The roofers arrived right on time this morning to begin re-roofing the shop. This daunting task will cost almost as much as buying the building, but it has to be done. Without a roof we can trust, well, the building doesn’t matter.
We still have lots more work to do, but I think our next major project will be to finish clearing the overgrowth from behind the building. Drainage is a problem, and water seeps through the wall. We have dirt about a foot and a half deep across the back of the building to haul out once we can gain access through the overgrowth, then we plan to brick the ground area and ensure water drains away from the building.
After those two critical tasks, we have three other outside jobs to do on the structure. We have some reworking to do on some of the glass panels and vents on our beautiful industrial skylights. We have to rework how the front awning (not original to the building but nice to have) hangs from the building. We also have significant glass and window casing work on the side and back windows. We have temporarily hung plastic sheeting over most of the broken panes, and that made a huge difference in stopping wind from blowing into the building.

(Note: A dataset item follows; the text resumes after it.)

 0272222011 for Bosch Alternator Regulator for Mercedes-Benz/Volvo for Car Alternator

Inside? Well, the cleaning continues. Do you know what really old, water damaged linoleum looks like?
This picture doesn’t do it justice. It crumbles. I guess to make showrooms for the furniture, much of the floor was covered in different areas of linoleum. Age and water damage (that seepage problem I mentioned above) has resulted in a real mess inside. We’ve been sweeping and breaking up the big pieces and putting them in five gallon buckets. The linoleum disintegrates into small pieces which will work into the sand at the ranch to enhance our roadbed, so everything has a use.

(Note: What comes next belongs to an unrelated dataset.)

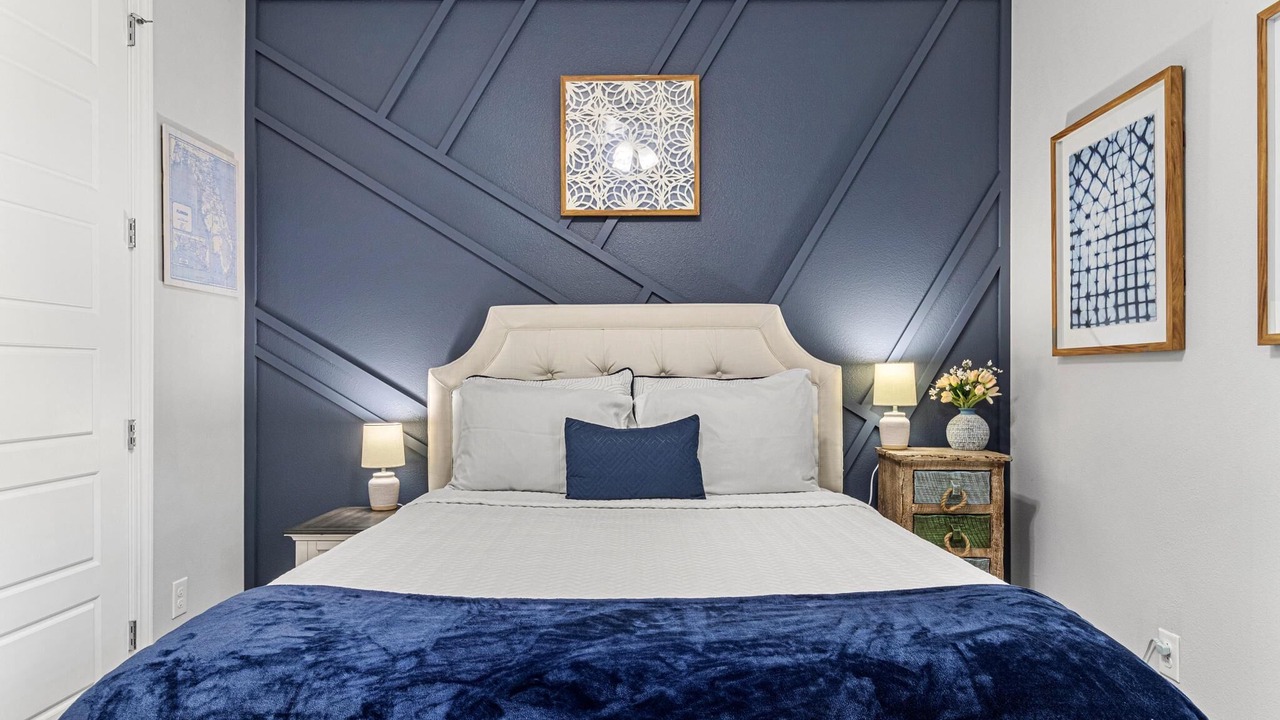 Photo of Bedroom in Bayshore Gardens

We were working yesterday to prepare a place inside the back door for the gravel that comes off the roof (we’ll reuse that, too), and I was putting like things with like things, and I compared it to Sesame Street. Remember the old song, “One of these things is not like the other?” We made piles for wood, glass, and linoleum. We also added more bedrails to the monstrous collection we’ve already gathered. And, of course, we’ve filled several five gallon buckets with nice, fine dirt. I guess that’s what you get when you don’t dust a place for thirty years.

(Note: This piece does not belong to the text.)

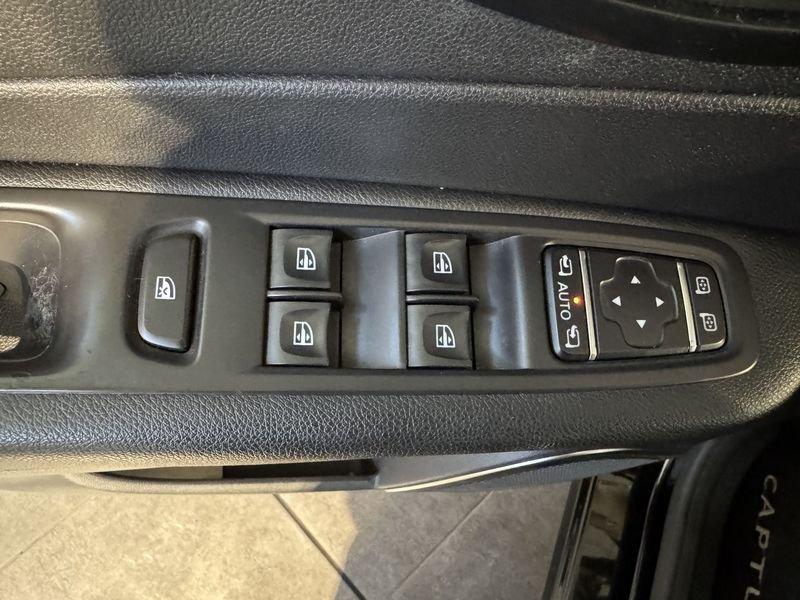 Renault Captur Captur dCi 8V 110 CV Start&Stop Energy Initiale Paris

One other combination indoor outdoor task we have to do is peek behind the covering put over the upper windows in the front of the building. If those windows are intact, we plan to take the covering off to expose those windows and bring more light, and, possibly, ventilation, to the building. We have shades to put over them to repel heat, but we’d like the old-fashioned windows to be visible again — assuming they’re not broken or unrepairable.